Given the records below, would you repeat exactly the lines that begin at the one containing "Náměstí Jiřího z Poděbrad" and end at the one containing "MADARA ALTRO BASE 3xGU10 230V IP20 350X70X135MM WHITE MADARA", inclusive?

§ **Data provided**:

--------

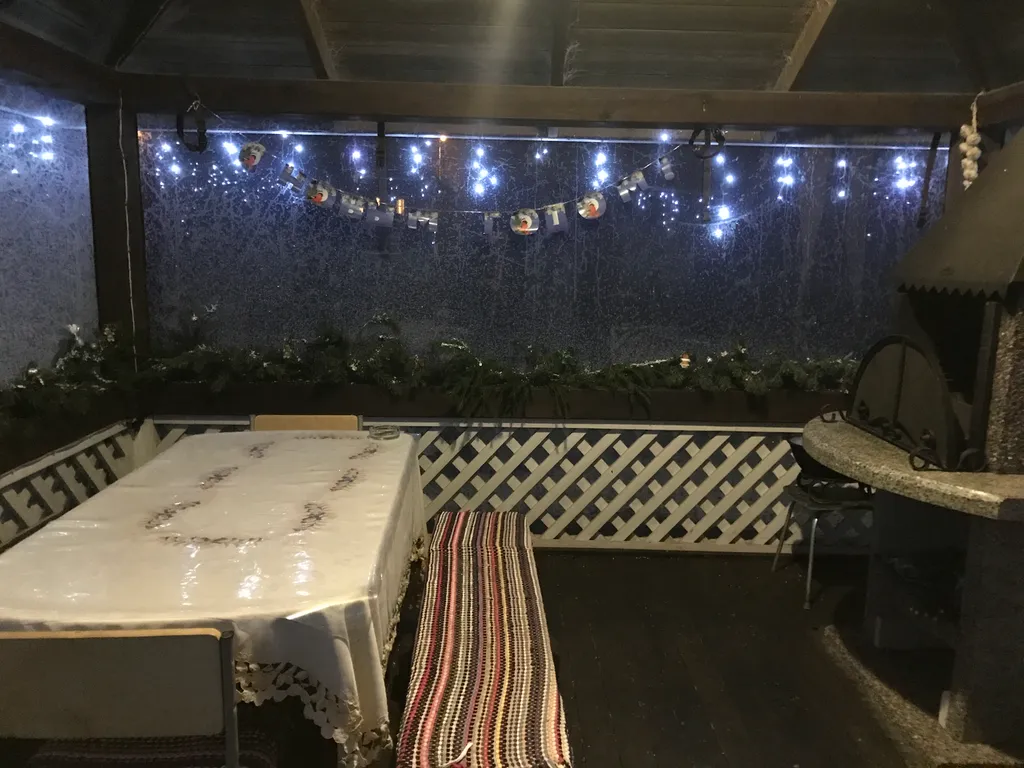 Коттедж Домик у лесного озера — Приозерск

--------

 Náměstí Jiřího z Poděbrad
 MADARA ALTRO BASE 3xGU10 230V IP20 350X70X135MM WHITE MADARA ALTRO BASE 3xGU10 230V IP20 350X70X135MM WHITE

--------

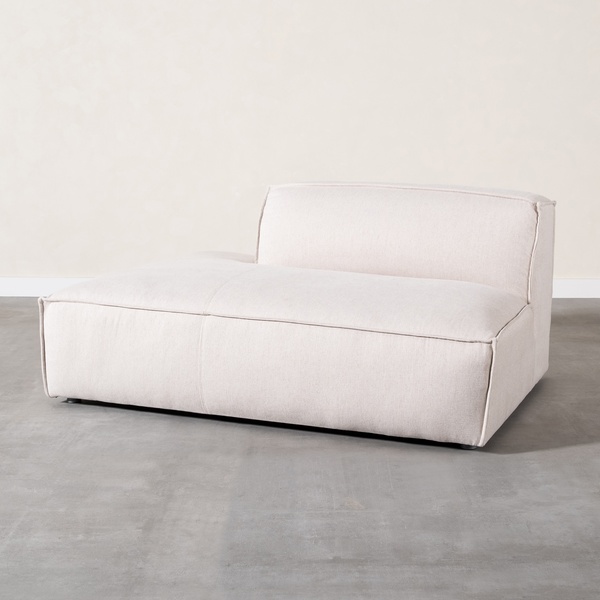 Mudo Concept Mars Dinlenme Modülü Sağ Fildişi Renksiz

--------

§ **Reply to the exercise**:
 Náměstí Jiřího z Poděbrad
 MADARA ALTRO BASE 3xGU10 230V IP20 350X70X135MM WHITE MADARA ALTRO BASE 3xGU10 230V IP20 350X70X135MM WHITE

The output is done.